Every entry below is to be copied word for word, with its pictures removed.

[Dataset excerpts]
[Start of Attachment]
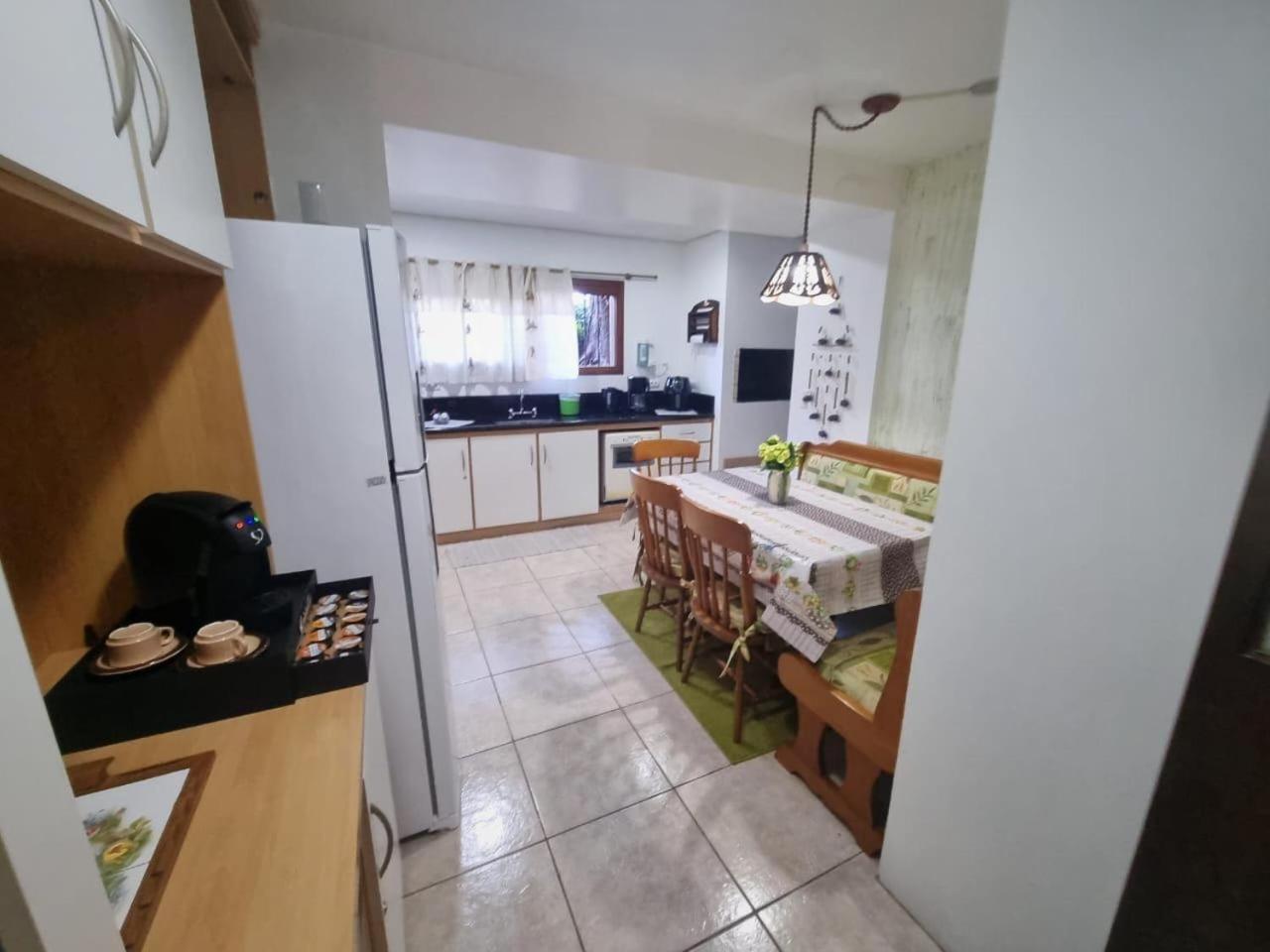 Apartment Casa Com Lareira Em Gramado
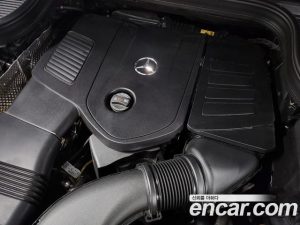 Mercedes-Benz GLE-Class GLE350 4MATIC 2025 года из Южной Кореи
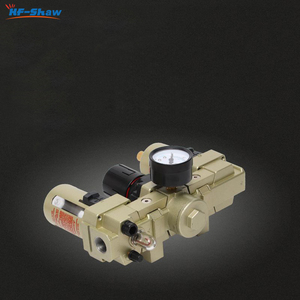 Lijadora neumática de alta calidad de 150mm, herramienta pulidora, serie AC, combinación de filtro de aire, tres uniones, embrague de pulido de nueva condición - Product Image 5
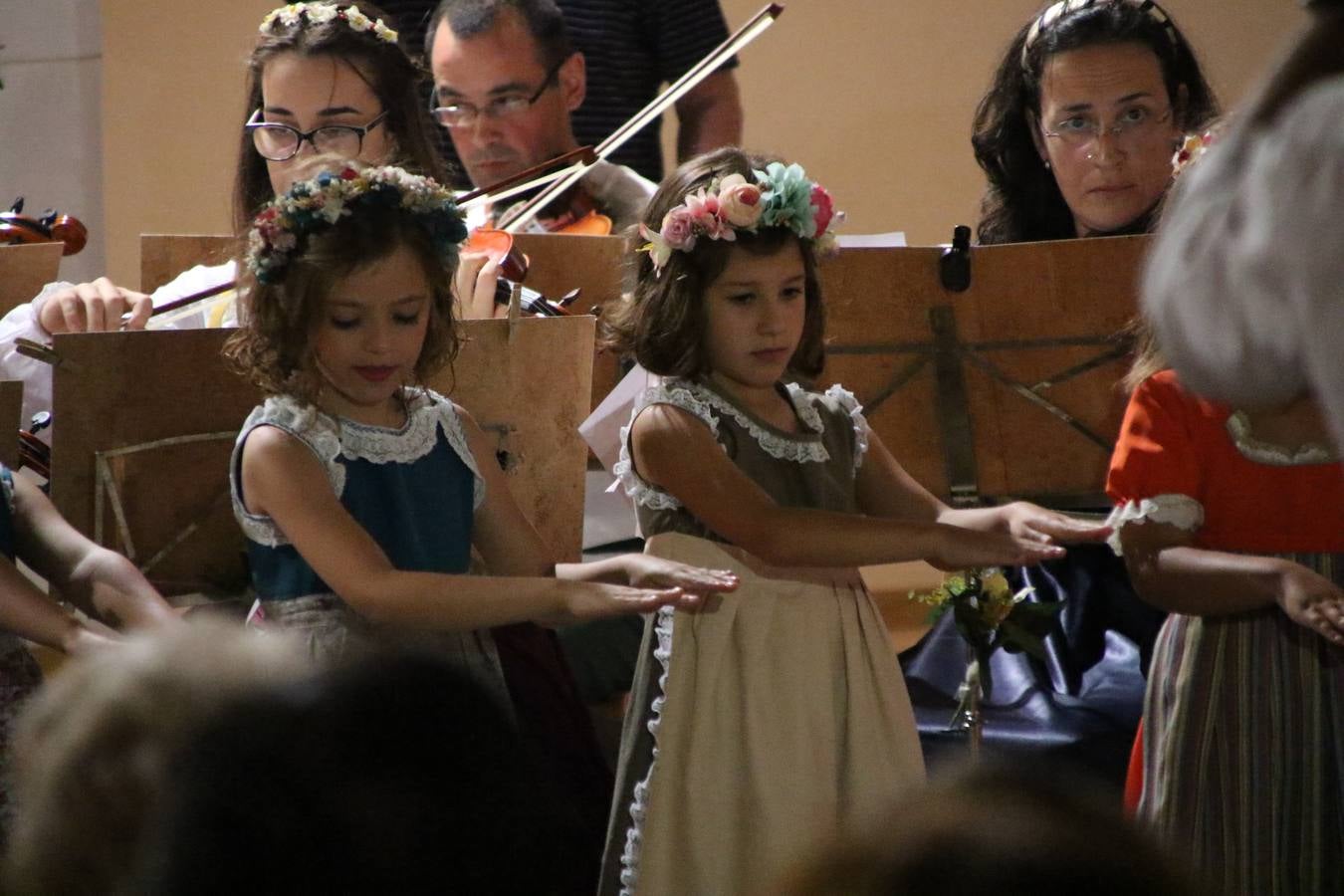 Fotos: La Coral jerezana sorprende, una vez más, con su tradicional &#039;Concierto Medieval&#039;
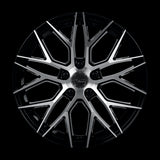 02-KR01-188051GBF-Wholesale Tire Distributors-KR01-18x8-Wheel-Image02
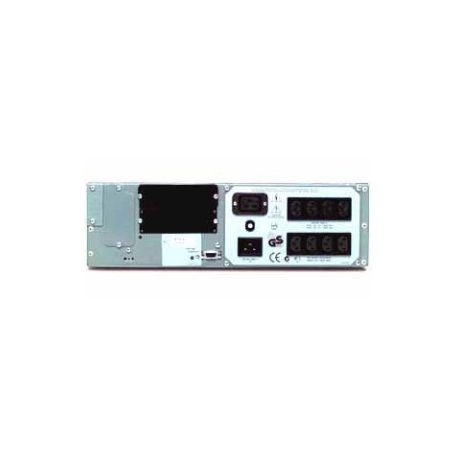 (SU3000RMI3U) SMART-UPS 3000 VA RACK-MOUNT 3U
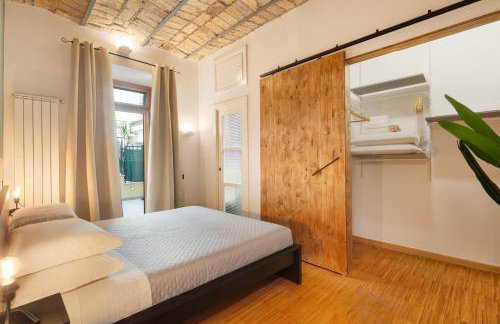 Quintino Terrace Apartment near Termini Station - Foto 6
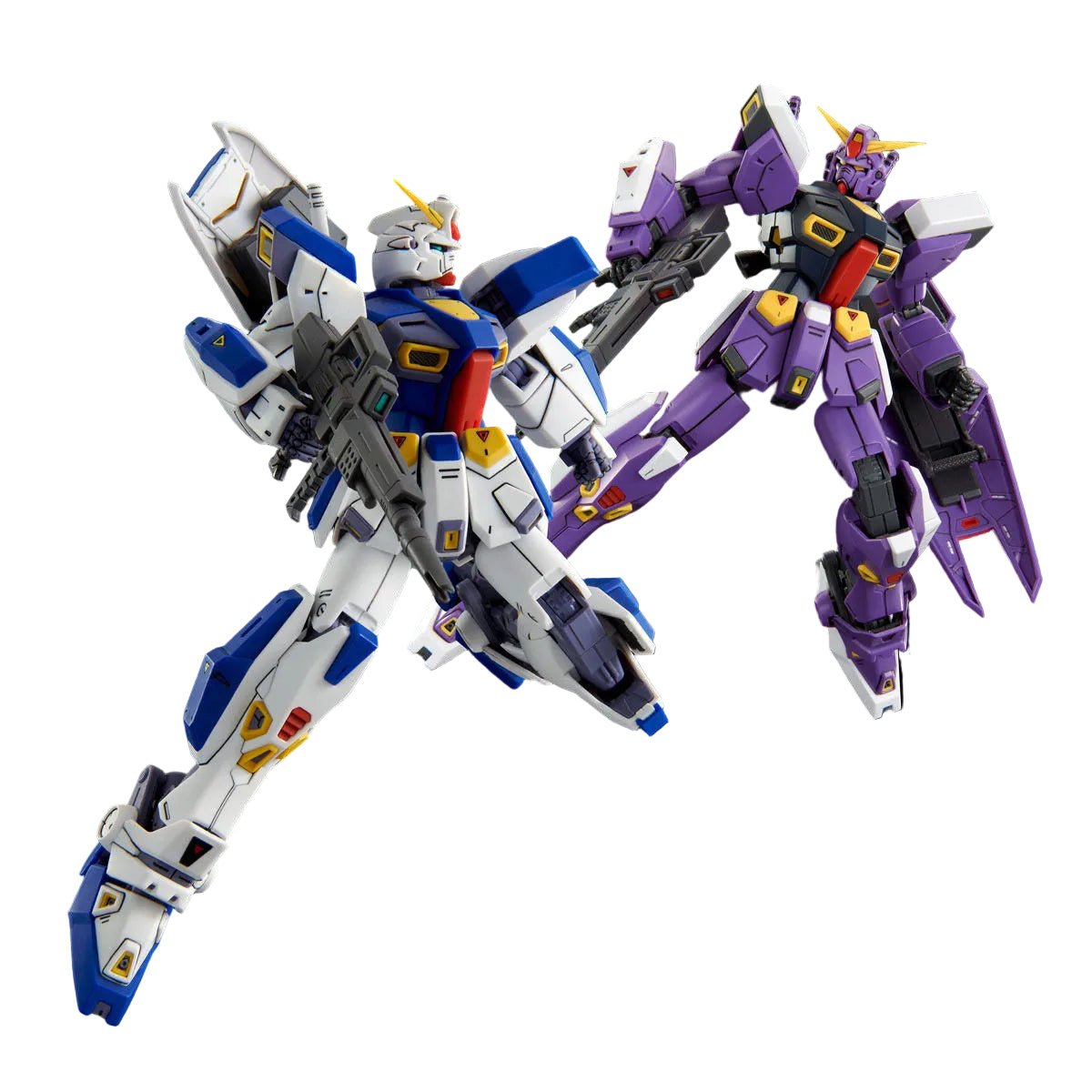MG 1/100 Gundam F90 Unit 2 Premium Bandai - Gunpla - Master Grade by Bandai Spirits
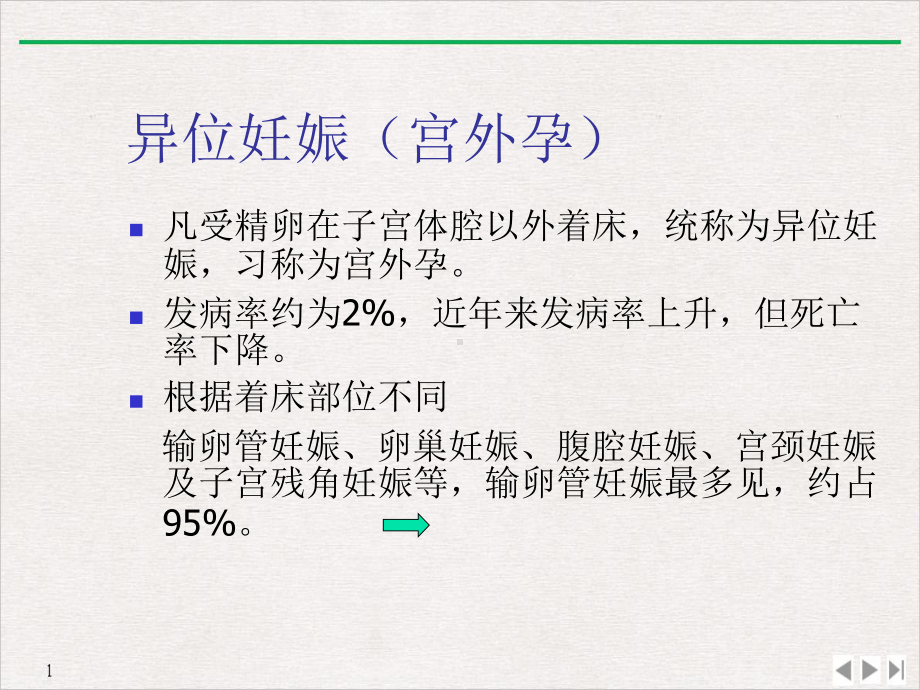 妇产科学异位妊娠宫外孕课件.ppt_第3页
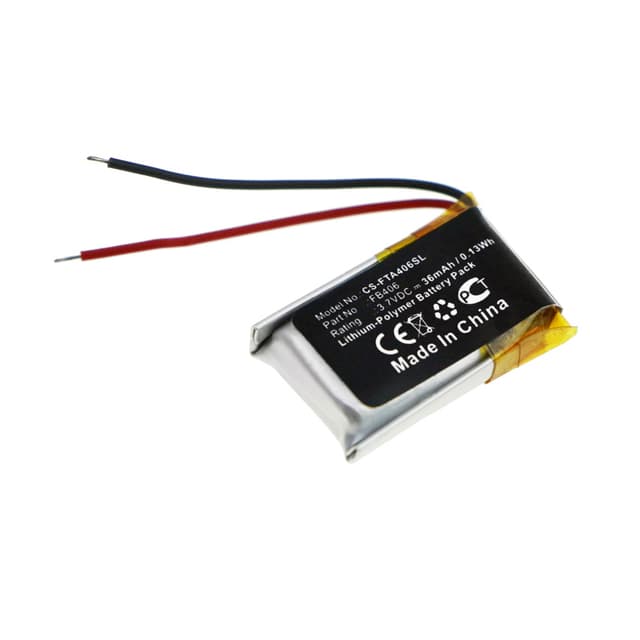 Replacement battery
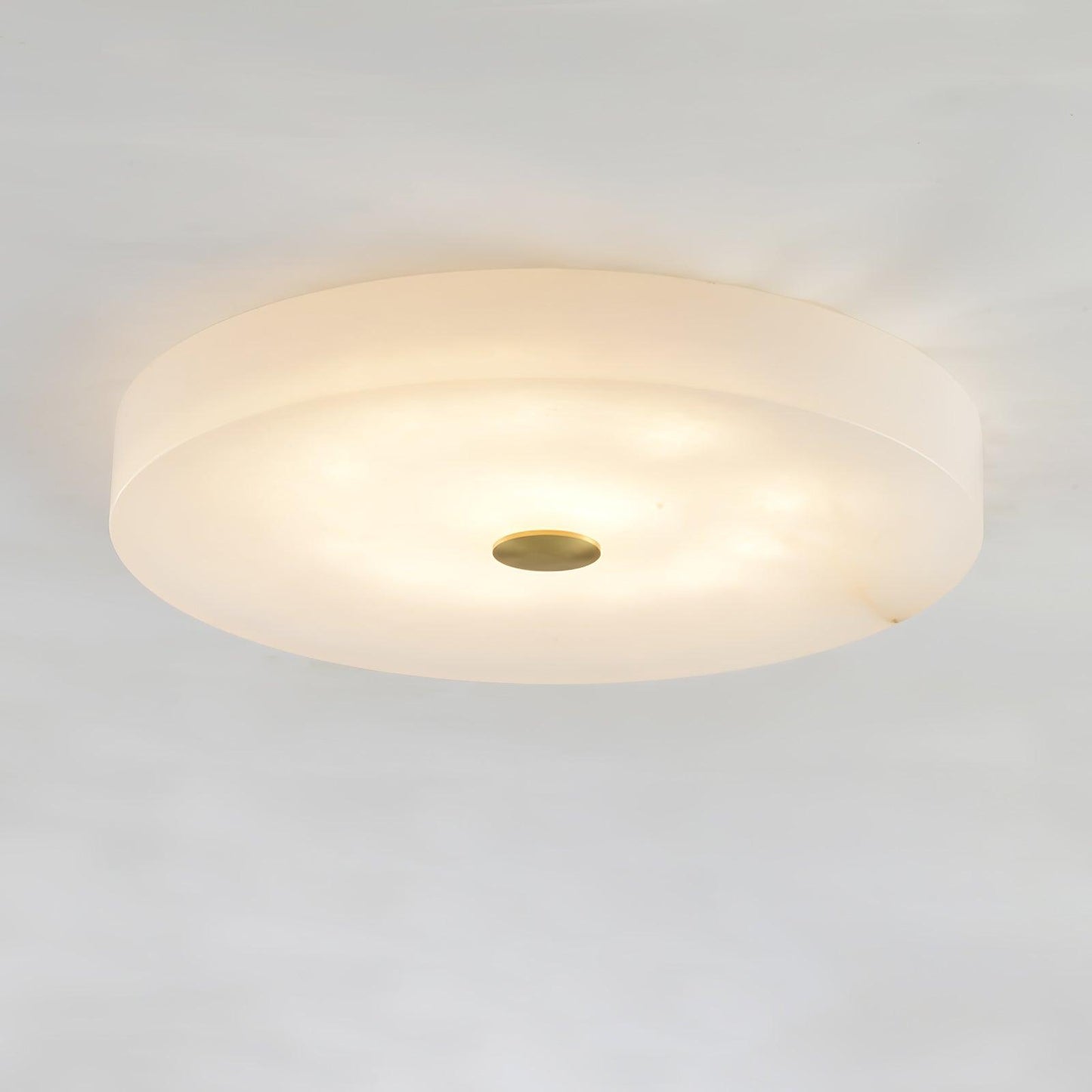 Sophie Alabaster Overhead light Ceiling Lamp
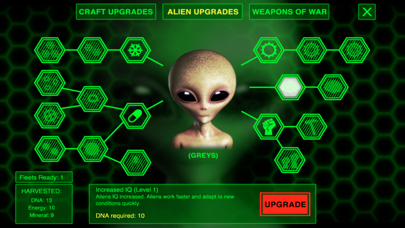 Invaders Inc. - Alien Plague Screenshot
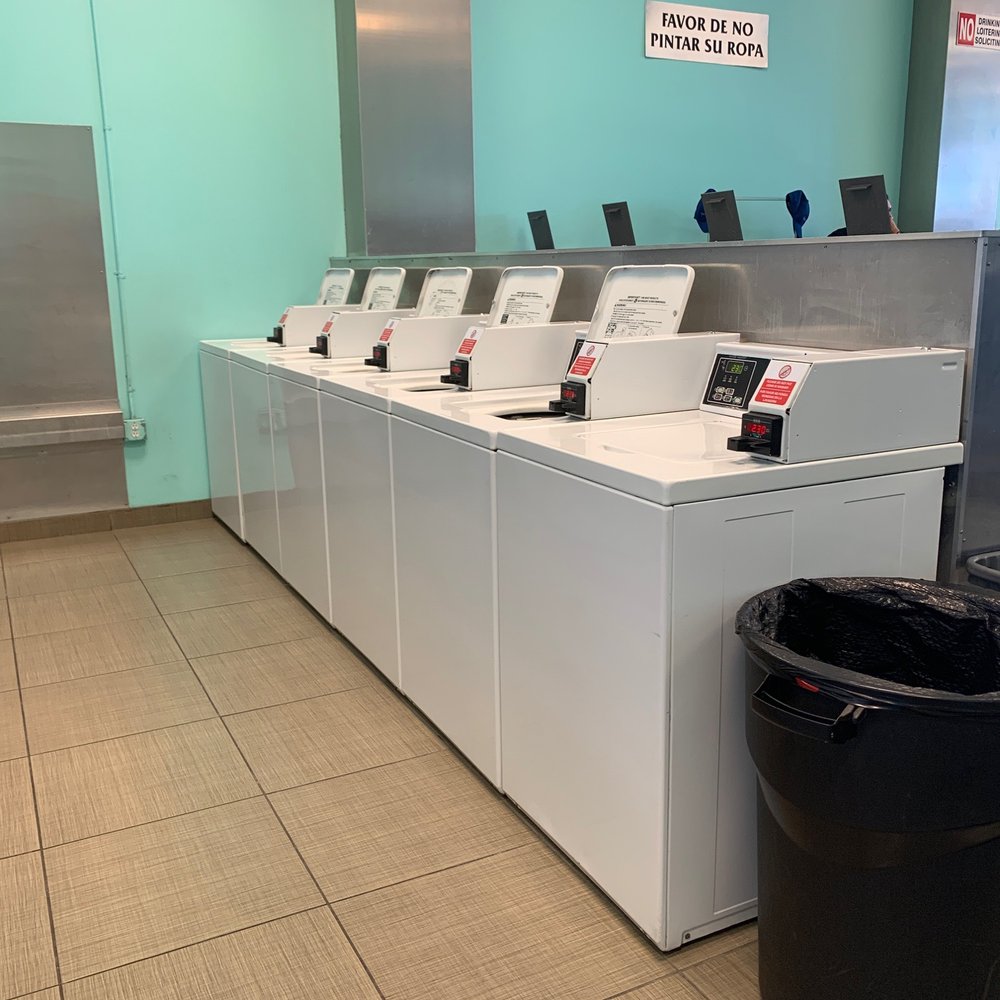 Vineyard Laundry - $2.30 machines - Laundromat Near Me - Oxnard, California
[End of Attachment]
● Expected output:
 Apartment Casa Com Lareira Em Gramado
 Mercedes-Benz GLE-Class GLE350 4MATIC 2025 года из Южной Кореи
 Lijadora neumática de alta calidad de 150mm, herramienta pulidora, serie AC, combinación de filtro de aire, tres uniones, embrague de pulido de nueva condición - Product Image 5
 Fotos: La Coral jerezana sorprende, una vez más, con su tradicional &#039;Concierto Medieval&#039;
 02-KR01-188051GBF-Wholesale Tire Distributors-KR01-18x8-Wheel-Image02
 (SU3000RMI3U) SMART-UPS 3000 VA RACK-MOUNT 3U
 Quintino Terrace Apartment near Termini Station - Foto 6
MG 1/100 Gundam F90 Unit 2 Premium Bandai - Gunpla - Master Grade by Bandai Spirits
 妇产科学异位妊娠宫外孕课件.ppt_第3页
 Replacement battery
 Sophie Alabaster Overhead light Ceiling Lamp
 Invaders Inc. - Alien Plague Screenshot
 Vineyard Laundry - $2.30 machines - Laundromat Near Me - Oxnard, California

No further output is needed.